Review: Everything But The Girl – Fuse


Artwork for Everything But The Girl's 2023 album Fuse

Everything But The Girl make an essential return.

It will probably have overwhelmed them a little, but when Tracey Thorn and Ben Watt announced the release of a first Everything But The Girl album in twenty-four years, the public’s response was quite emotional.

Intelligent, literate, metropolitan – for the duo such an outpouring might have felt like an overreaction, perhaps a little embarrassing, but its origins were undeniable.




From their early fascination with jazz (almost heretical in the post-punk dominated early eighties) to Todd Terry’s anthemic remix of Missing that gave succor to the heartbroken weekend raver, few other catalogues have pulled off the spell of being diverse and relatable with such poise.
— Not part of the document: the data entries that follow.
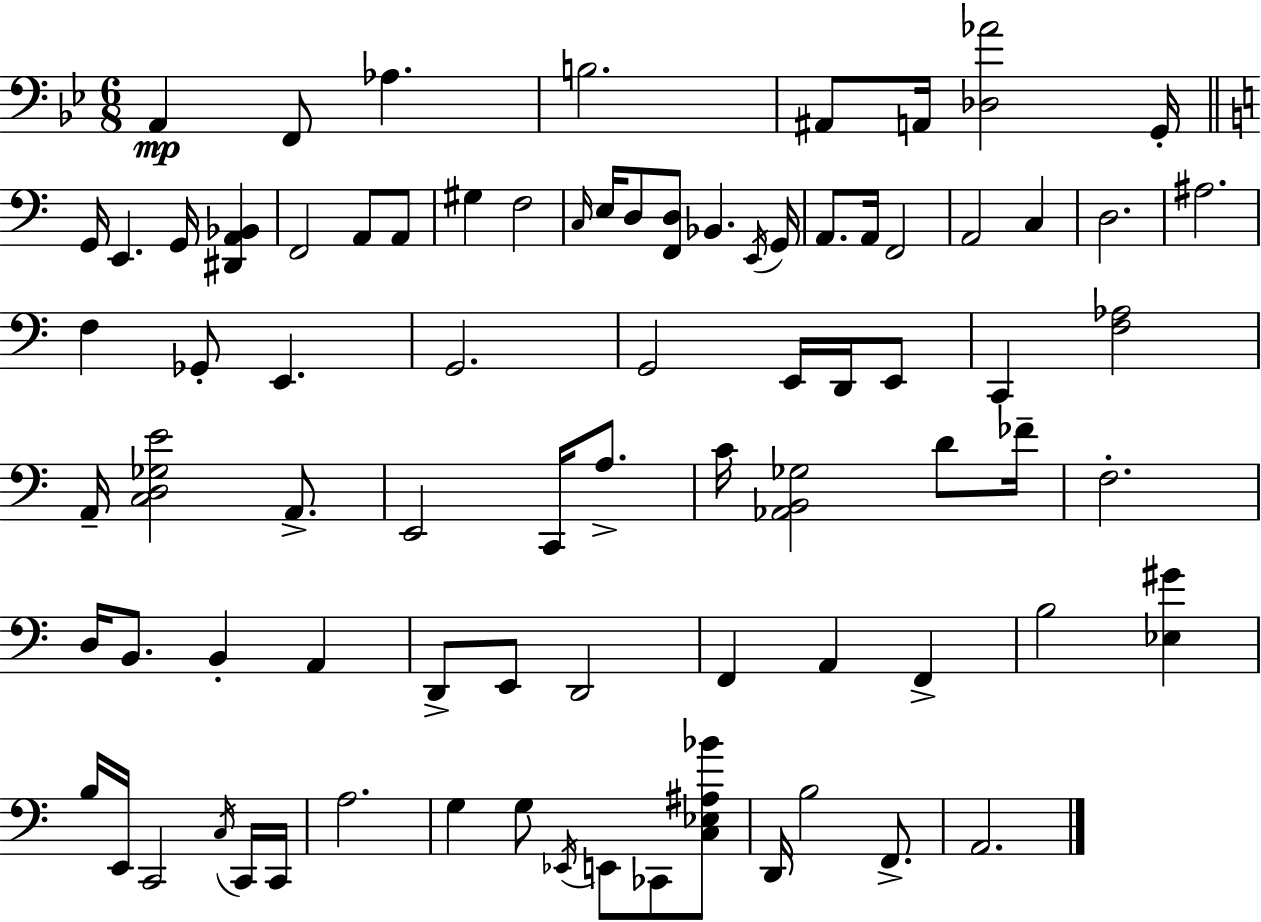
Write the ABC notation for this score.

X:1
T:Untitled
M:6/8
L:1/4
K:Gm
A,, F,,/2 _A, B,2 ^A,,/2 A,,/4 [_D,_A]2 G,,/4 G,,/4 E,, G,,/4 [^D,,A,,_B,,] F,,2 A,,/2 A,,/2 ^G, F,2 C,/4 E,/4 D,/2 [F,,D,]/2 _B,, E,,/4 G,,/4 A,,/2 A,,/4 F,,2 A,,2 C, D,2 ^A,2 F, _G,,/2 E,, G,,2 G,,2 E,,/4 D,,/4 E,,/2 C,, [F,_A,]2 A,,/4 [C,D,_G,E]2 A,,/2 E,,2 C,,/4 A,/2 C/4 [_A,,B,,_G,]2 D/2 _F/4 F,2 D,/4 B,,/2 B,, A,, D,,/2 E,,/2 D,,2 F,, A,, F,, B,2 [_E,^G] B,/4 E,,/4 C,,2 C,/4 C,,/4 C,,/4 A,2 G, G,/2 _E,,/4 E,,/2 _C,,/2 [C,_E,^A,_B]/2 D,,/4 B,2 F,,/2 A,,2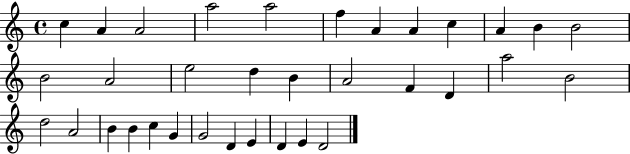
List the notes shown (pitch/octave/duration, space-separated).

C5/q A4/q A4/h A5/h A5/h F5/q A4/q A4/q C5/q A4/q B4/q B4/h B4/h A4/h E5/h D5/q B4/q A4/h F4/q D4/q A5/h B4/h D5/h A4/h B4/q B4/q C5/q G4/q G4/h D4/q E4/q D4/q E4/q D4/h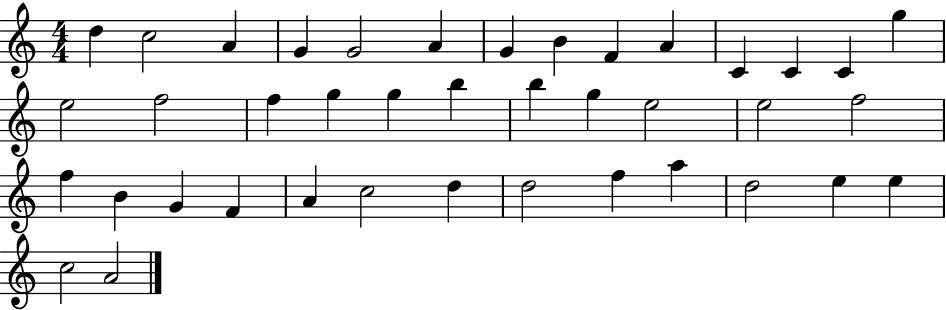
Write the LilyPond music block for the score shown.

{
  \clef treble
  \numericTimeSignature
  \time 4/4
  \key c \major
  d''4 c''2 a'4 | g'4 g'2 a'4 | g'4 b'4 f'4 a'4 | c'4 c'4 c'4 g''4 | \break e''2 f''2 | f''4 g''4 g''4 b''4 | b''4 g''4 e''2 | e''2 f''2 | \break f''4 b'4 g'4 f'4 | a'4 c''2 d''4 | d''2 f''4 a''4 | d''2 e''4 e''4 | \break c''2 a'2 | \bar "|."
}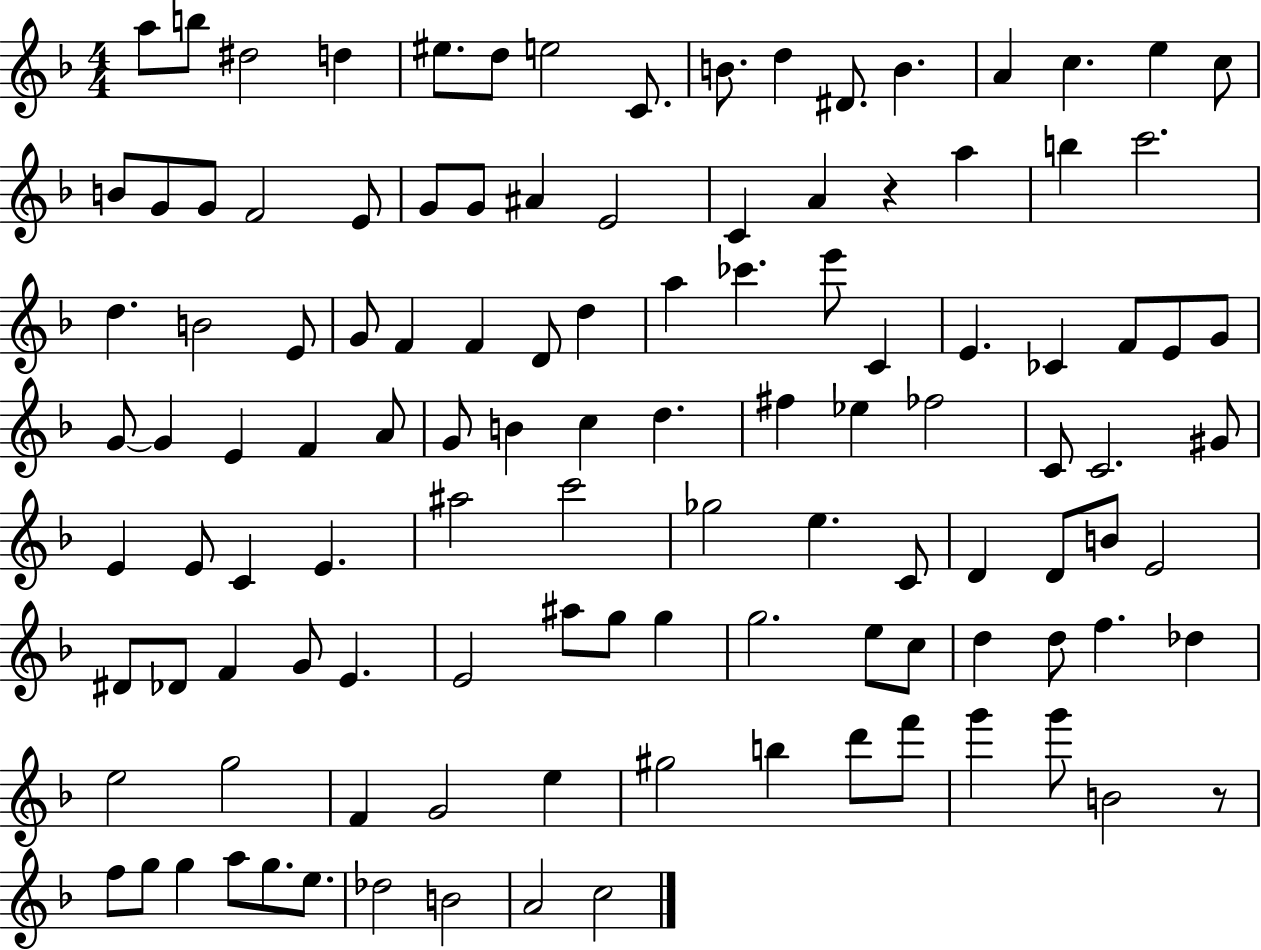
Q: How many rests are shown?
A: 2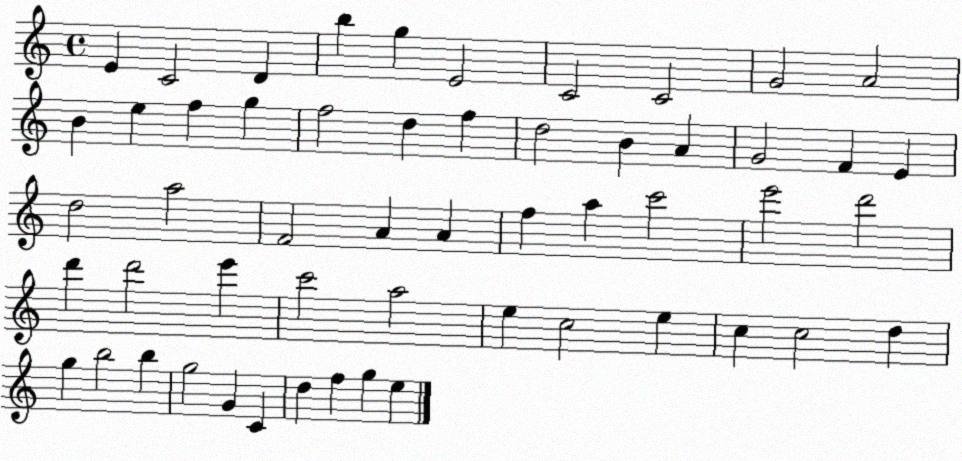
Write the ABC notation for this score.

X:1
T:Untitled
M:4/4
L:1/4
K:C
E C2 D b g E2 C2 C2 G2 A2 B e f g f2 d f d2 B A G2 F E d2 a2 F2 A A f a c'2 e'2 d'2 d' d'2 e' c'2 a2 e c2 e c c2 d g b2 b g2 G C d f g e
Famously, the last straw for Everything But The Girl back in the day was a phone call from U2’s management offering them a support slot on one of their gargantuan, planet hopping tours.

Ninety-nine artists out of a hundred were taking the gig(s) – they said no however, and after some time out to start a family both moved on to lower key, happier solo careers.

The idea of making a new record together never came up until the lockdown era however, and such was the nervousness about possibility that even when the process had begun files containing early rough work were labelled simply TREN to identify them as the work of just Tracey and Ben.

Perhaps given the traditionally underwhelming returns of these exercises, their hyper-loyal audience may have felt a similar sense of doubt but when the pre-album single Nothing Left To Lose arrived the pieces immediately fell back in place.

Downtempo, melancholic but employing wall rattling sub-bass, it was a track that looked to the present but emphatically restated all of Everything But The Girl’s well-loved qualities: the new TREN was proving to be as embraceable the old one.



With only ten tracks and a running time that barely nudges over thirty-five minutes, Fuse has an austerity of both form and structure.

Rarely comfortable with overstatement, from the producer’s chair Watt’s touches are subtle. The one revolutionary conceit is in bending Thorn’s voice into alien shapes, as on When You Mess Up, a trick the singer was hugely supportive of, a device acknowledging that in the last two decades the pop landscape they once knew has become a playground for experimentation.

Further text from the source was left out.